A sua amostra baseou-se na Pesquisa Nacional por Amostra de Domicílios (Pnad), que constatou 6.453.884 pessoas empregadas no trabalho doméstico. A autora tratou no estudo das transformações no mercado das trabalhadoras domésticas, comparando a década de 1990 e os anos 2000.
Segundo Juliane, nos anos 2000, aumentou significativamente o percentual de trabalhadoras que sabiam ler e escrever. “Também triplicou o número de trabalhadoras domésticas que cursam o ensino superior e esse número foi maior para as trabalhadoras domésticas autodeclaradas negras, que podem ser fruto de programas de inclusão social como o Prouni (Programa Universidade para Todos), o Reuni (Programa de Apoio a Planos de Reestruturação e Expansão das Universidades Federais) e as Políticas de Cotas Raciais”, revelou.

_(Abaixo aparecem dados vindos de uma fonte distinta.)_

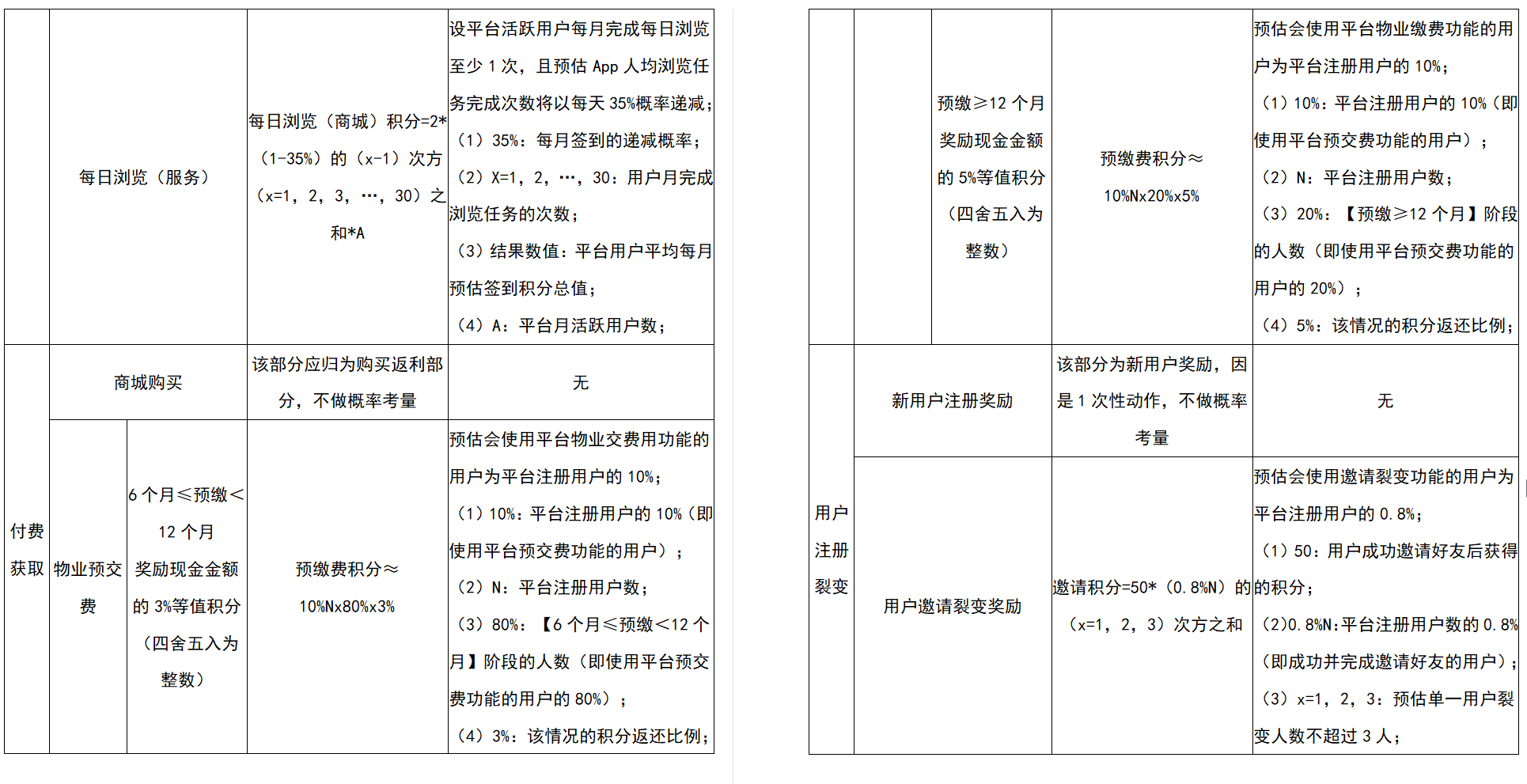 （真实案例讲解）用户激励体系（积分模块），让你的产品有魅力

A renda média da trabalhadora doméstica, o ponto mais significativo, subiu 77%, acima do rendimento médio do salário mínimo na década de 1990 – que foi de 74%. O salário da trabalhadora doméstica com carteira de trabalho em 2014 foi em média de R$925,62 e da trabalhadora doméstica sem carteira foi de R$578,03.
Neste universo, também notou-se a interferência de um recorte racial. Em 2003, por exemplo, como reflexo da década de 1990, o salário médio das trabalhadoras brancas era de R$414,00 e das negras R$345,00. Em 2014, só para as brancas era R$685,00 e para as negras R$592,00.

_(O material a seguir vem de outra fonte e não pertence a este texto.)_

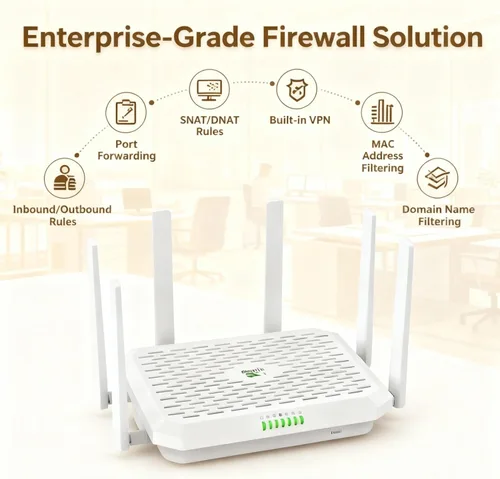 Vista 6 de InHand FWA02 5G Router Wi-Fi 6 (DL 4.76Gbps) Solución de red segura y administrada en la nube dual de 2.5G para el hogar, RV y negocios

Os homens, apesar de representarem 8% da categoria, tinham um salário bem superior ao das mulheres, mesmo no emprego doméstico, porque eles são alocados em tarefas mais especializadas, entre elas jardinagem e motorista. Em 2014, os homens trabalhadores domésticos tiveram um rendimento médio de R$965,40, enquanto as mulheres ganharam R$683,75.
“Um trabalho tão essencial no sustento da família, que ganha menos que o trabalho do jardineiro, apenas encontra justificativa na história da desvalorização do trabalho das mulheres na sociedade”, acredita Juliane, orientanda do professor do IE Márcio Pochmann.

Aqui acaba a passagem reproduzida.